I would also like to know, I'm not and by far an armchair expert on the matter, my original comment came from my realization about how "huge" texture units looked in R770.
As you saw I've been most likely mislead by some die shot (cf 3Dilettante's post). In the end it's a bit unclear how huge are the texture unit vs the ALUs. The other part of the problem is how much more efficient texture units in perf/mm² vs even reworked ALUs arrays. I've no answer I was trying to initiate a discussion on the matter.
My feel is that GPUs will lose some of their fixed functions units in the upcoming years.
It looks like GPU will have to become more flexible and more "autonomic" to satisfy the needs of developers from various fields.

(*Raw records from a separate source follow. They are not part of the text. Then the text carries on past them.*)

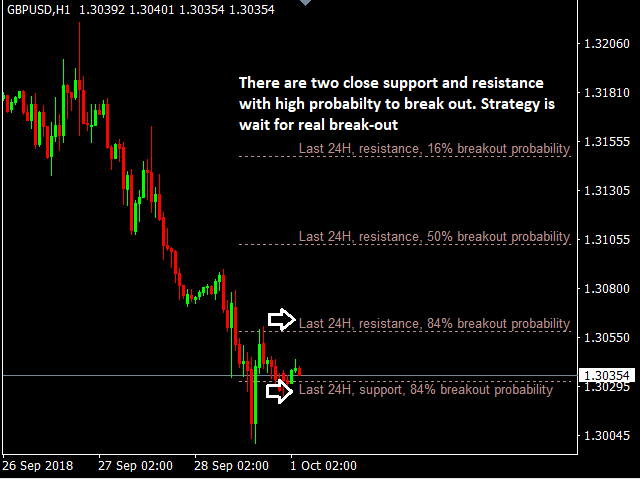图片[1]-Statistical support Resistance 外汇EA-EA侦探社 - 全球领先的MQL5官网外汇EA机器人MT4自动化交易EA资源免费分享网站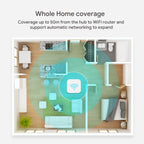 Tuya Zigbee 3.0 Gateway Hub Smart Home Wireless Bridge Smart Life APP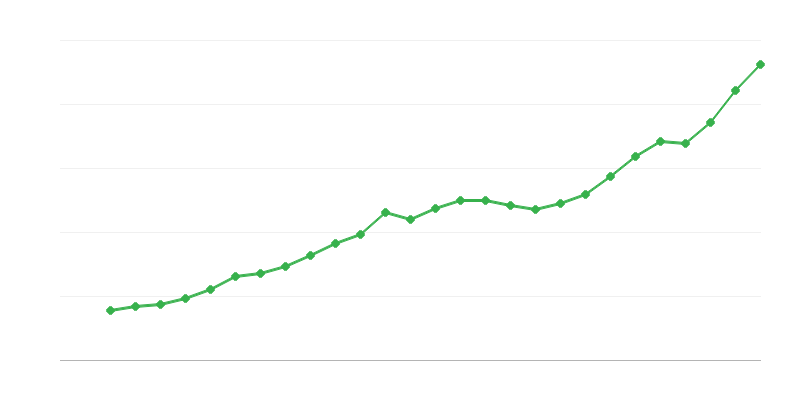 Průměrný plat na plný úvazek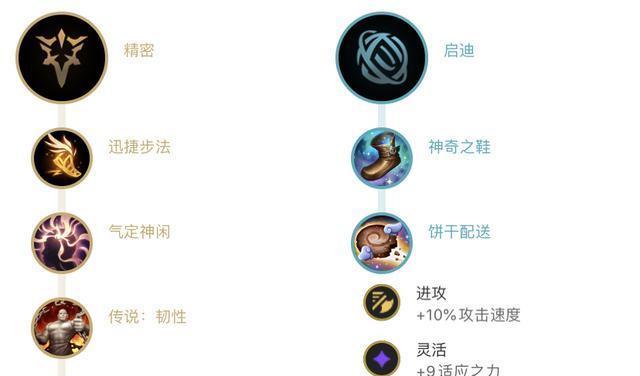 《以迅捷永恒出装攻略手游版》（永不落伍的出装策略，助你成为无敌王者）-第2张图片-游戏玩法大全_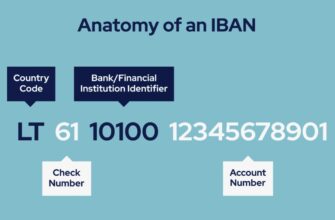Что такое номер счета: особенности, функции и необходимость использования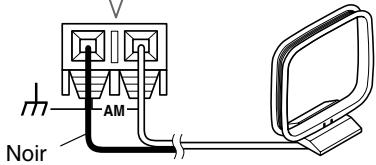 ONKYO T-433 - Insérez les deux fils de l'antenne-cadre AM dans les bornes à pouvoir pour antenne AM. - 2
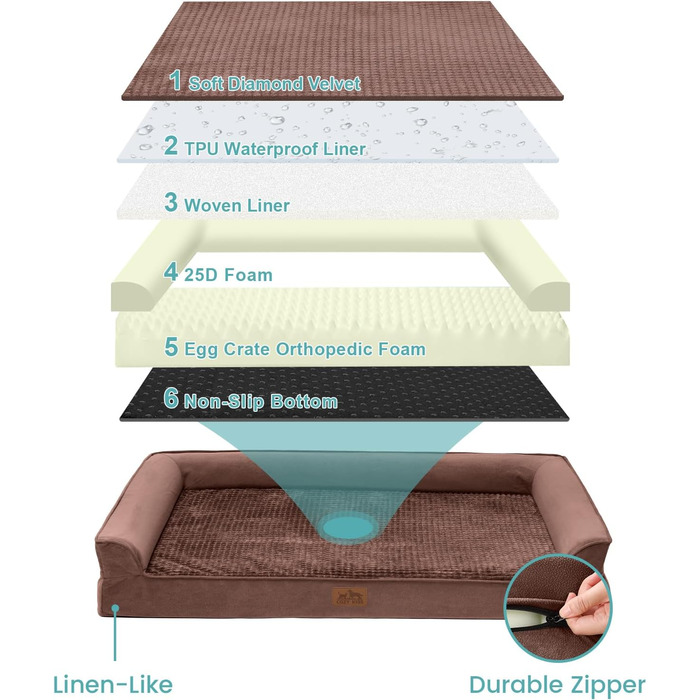 Ортопедичне ліжко для собак, маленьких порід, вологостійке, з бортиками, з підтримуючого пінополіуретану, зручне, знімний, пральний чохол, вологостійке дно, неслизьке (M, 91x69x19 см, Колір: Коричневий)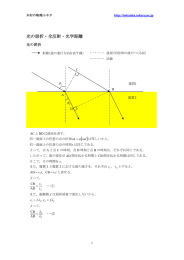 光の屈折・全反射・光学距離 [ ]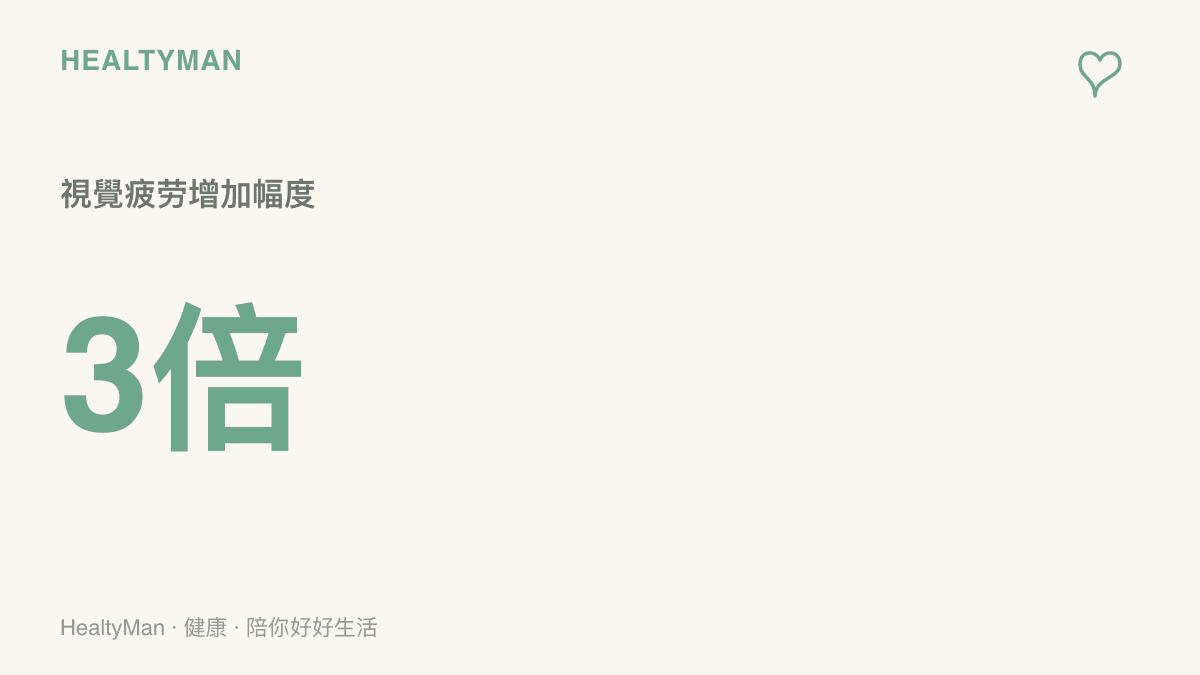 統計圖卡呈現反覆切換視窗與資料庫搜尋會使眼睛疲勞度增加約三倍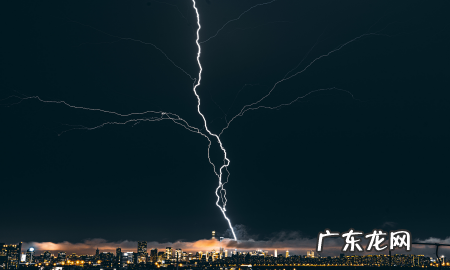 拍人像用什么档,认识相机|相机档位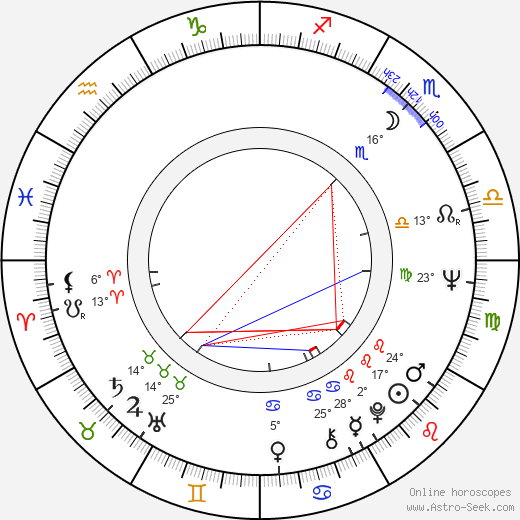 Marie Versini birth chart, biography, wikipedia 2024, 2025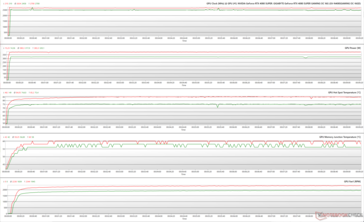 GPU-Parameter während FurMark, Stress (Grün - 100 % PT; Rot - 125 % PT; BIOS OC)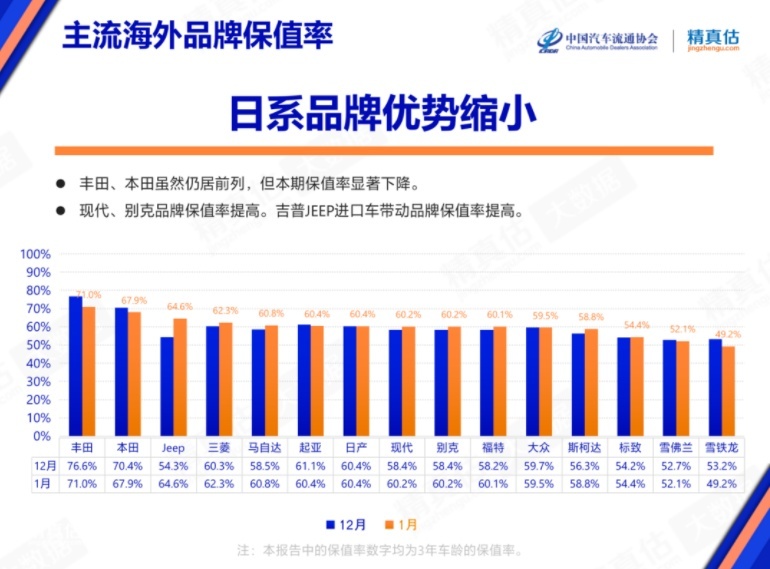 都扛不住了？一车传三代的日系车，为何不再是二手车市场的香饽饽？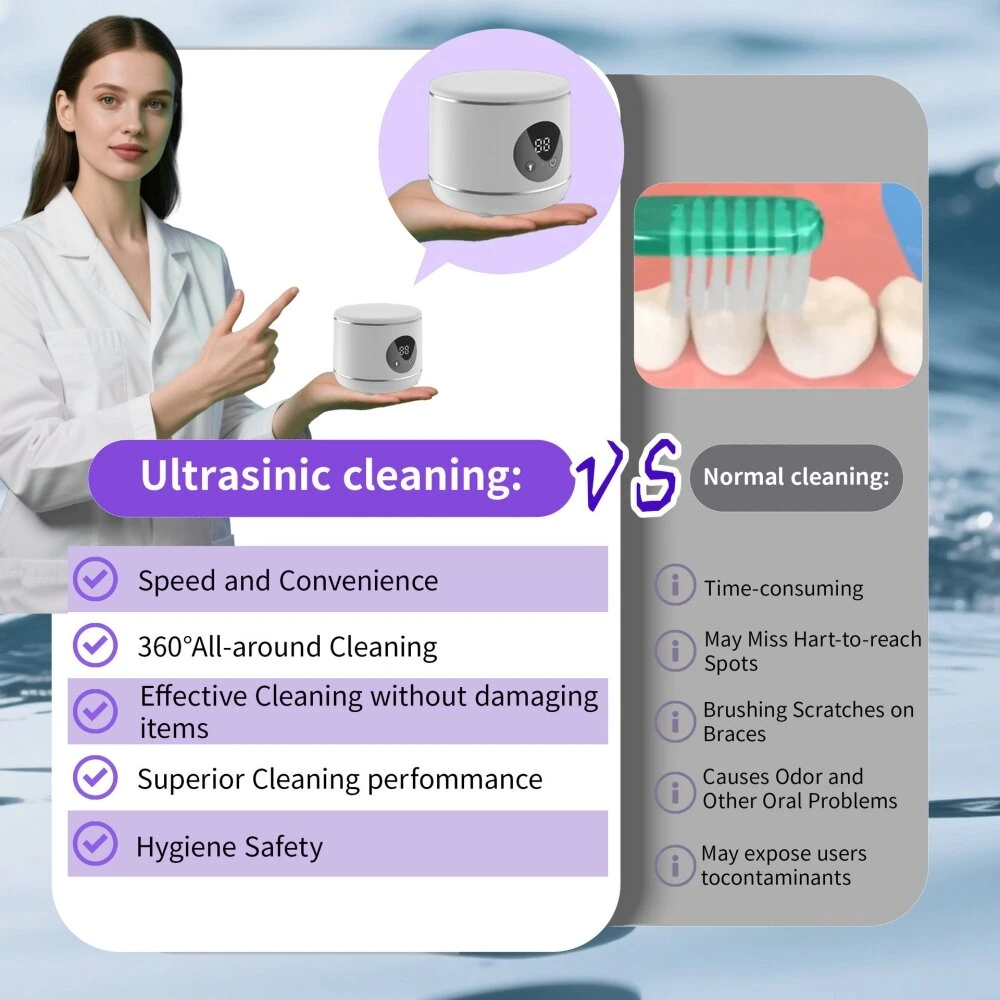 Tevorex 20W 45KHZ High Frequency Ultrasonic Cleaner Machine 230ml Tank 3 Cleaning Modes Multi-Function Household Cleaner for Glasses Jewly Teeth — view 7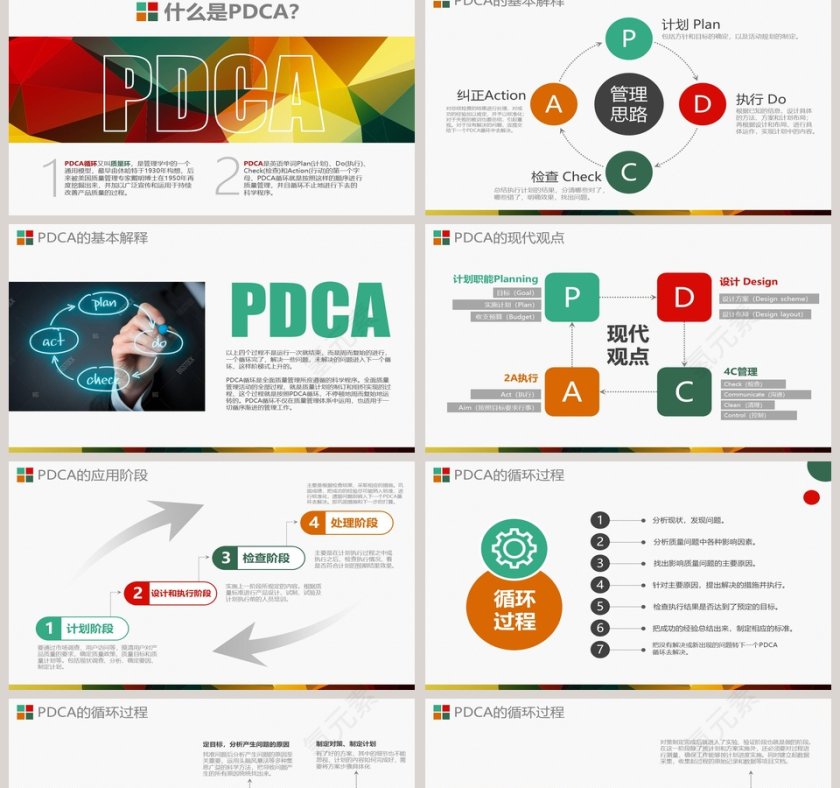 PDCA循环图PPT模板企业质量管理案例品管圈护理ppt第2张
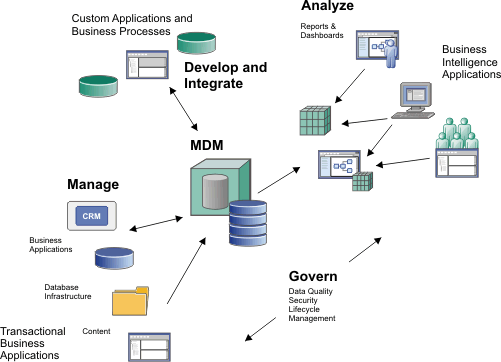 Overview diagram of InfoSphere MDM. The diagram shows how InfoSphere MDM helps you to manage, integrate, govern, and analyze your information.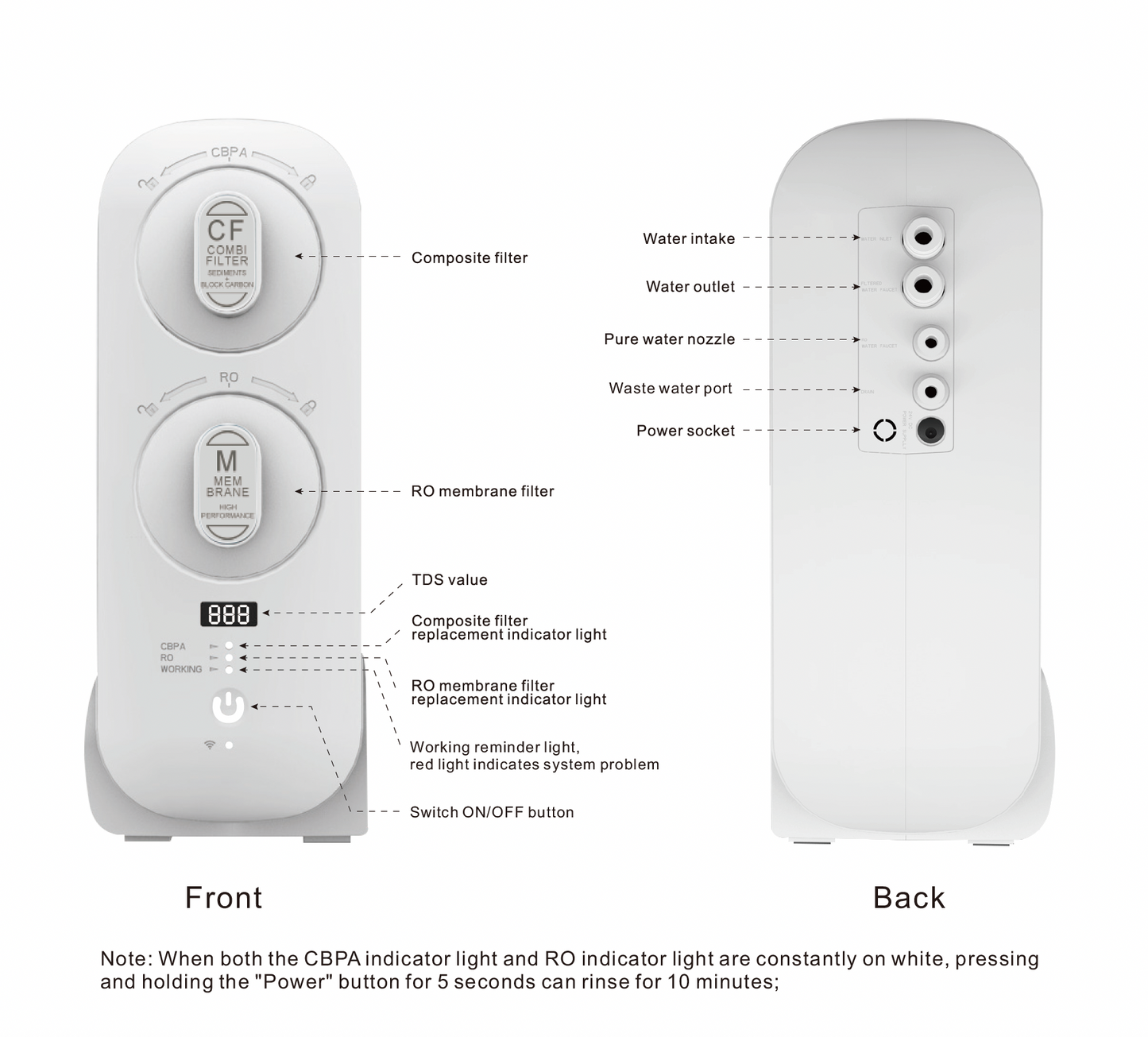 Under Sink RO System 600 GPD Direct Flow TDS Display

By autonomic I mean in a CPU way. Devs want to have read and write caches, on the other hand it's not the model that offer the best scaling and hardware cost can turn prohibitive. My feel (realy a feel more than anything else) is that the removal of fixed function would help to design chip easier to design from the hardware vendor POV and would ease the development of the matching software model/layer.
One of my other "feel" is in regard to Intel choices, I read a lot of comment about their choice of X86 for larrabee ISA on the other hand I see really few arguments about the real architectural choices on which larrabee stands: many many cores augmented by potent SIMD units.
I can guess/see the merit of this choice but I'm not sure that one simplistic CPU core augmented is the sweet spot, the proper building block to build the GPU 2.0.
Such a core is tiny so you need many of them to achieve the throughput the industry is aiming which imply quiet some communications whereas it's for memory space coherency or simply move data around.
You end with relatively few "FLOPS" to amortize the CPU front end/logic (even if one could do better than X86).
It's a really interesting debate and I would absolutely love to see more educated persons discuss the issue.
For example what would be the pro/con of say a properly done larrabee clone vs something looking a bit like a mix of a Cell and a GPU.
What I mean by a mix of a GPU and the Cell is an idea I got after reading a link about "COMICS" Mfa posted sometime ago. If I'm right "COMICS" is a software layer that provides software cache coherency for the SPU. In this setup I find that the PPU acts a bit in the same way as the Command Processor in a GPU does. So I wondered if a general purpose GPU or GPU 2.0 could be something like a blend of this idea.
Say you have some SIMD arrays attached to a specialized CPU. Each SIMD array would be more potent than they are now (a bit like SPU who can't do everything a standard CPU does). The specialized CPU would be completely hide from the developer and would do the job a CP does in a GPU and could do what the PPU does in the aforementioned set-up providing various software coherency model for the memory (under the programmer command).
I feel like this would have to be tinier than actual GPU so the specialized CPU would also handle load balancing, memory coherency between its "brothers".
Say you could have such a core made by:
one specialized CPU with its own resources, that may have hardware cache(hidden from developer)
8(*) "16-wide arrays" each with a dedicated LS as in SPUs (* random number, may be I love quadratic number as KK :LOL:)
a bigger LS shared among the SIMD array.
A router

You put some of these cores on a grid (aka Intel SCC or Tilera products) but I would be less of a burden than to put X time as many tinier cores ala larrabee (simplistic CPU =SIMD) on a chip of the same size to achieve the same throughput.
In the end developers would have a lot of choices anywhere from seeing each individual SIMD arrays to handle the chip as a nowadays GPUs.
You would pay for memory coherency (whether is die space, power consumption, etc.) only for the tasks that require it. Like Sweeney suggested in a presentation if you want you could run in software a coherent transactional model on some of the SIMD arrays if you need.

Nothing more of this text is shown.